Julieta también miró el suelo del taxi, pensativa. Yo miré a los tres, esperando que a alguien se le ocurriera algo. Una idea. Pero nadie decía nada y el taxiautomata seguía el camino, dando vueltas en círculos solo porque no recibe instrucciones.
—Tu ex —dijo Andrew después de unos minutos estando callado. Quizá está reflexionando sobre si es la mejor opción—. Es la única opción. ¿Cómo se llamaba? ¿Tomas?
—Sí —apoyó Julieta—, él tiene una nave, ¿no es así? Está afuera y tú sabes cómo salir.
Me relajé, pero Sofía negó con la cabeza.
—Nunca aceptaría subir a otros que no sean de su tripulación. Es un terco de mierda. Además, la única forma de salir sería pasar por ExploMarte. Volver a ver a Gregoria.

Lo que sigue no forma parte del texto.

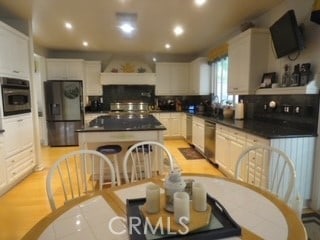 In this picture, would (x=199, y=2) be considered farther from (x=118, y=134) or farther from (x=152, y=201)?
(x=152, y=201)

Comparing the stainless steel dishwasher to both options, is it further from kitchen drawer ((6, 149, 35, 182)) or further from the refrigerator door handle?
the refrigerator door handle

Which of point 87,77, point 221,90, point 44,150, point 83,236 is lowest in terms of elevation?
point 44,150

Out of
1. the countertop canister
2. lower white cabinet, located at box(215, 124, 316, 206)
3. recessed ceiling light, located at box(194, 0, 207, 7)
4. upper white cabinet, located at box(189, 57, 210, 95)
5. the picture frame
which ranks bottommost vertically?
lower white cabinet, located at box(215, 124, 316, 206)

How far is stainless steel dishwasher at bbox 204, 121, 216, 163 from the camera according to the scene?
410cm

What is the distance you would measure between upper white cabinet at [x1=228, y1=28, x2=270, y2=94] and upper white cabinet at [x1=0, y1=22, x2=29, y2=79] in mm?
3480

—Destrozaste nuestros teléfonos —añadí, decepcionado—, así que no tenemos manera de comunicarnos con él de todas formas.
—Hay una manera —replicó Julieta—. Puedo meterme en la red desde cualquier dispositivo, solo necesito su información personal. Podría tardar horas en lograr comunicarme.
Sofía lo pensó unos instantes. Parece decidida.
—Estábien. —Suspiró cansada—. ¡Taxi, da la vuelta, regresános al tercer octante!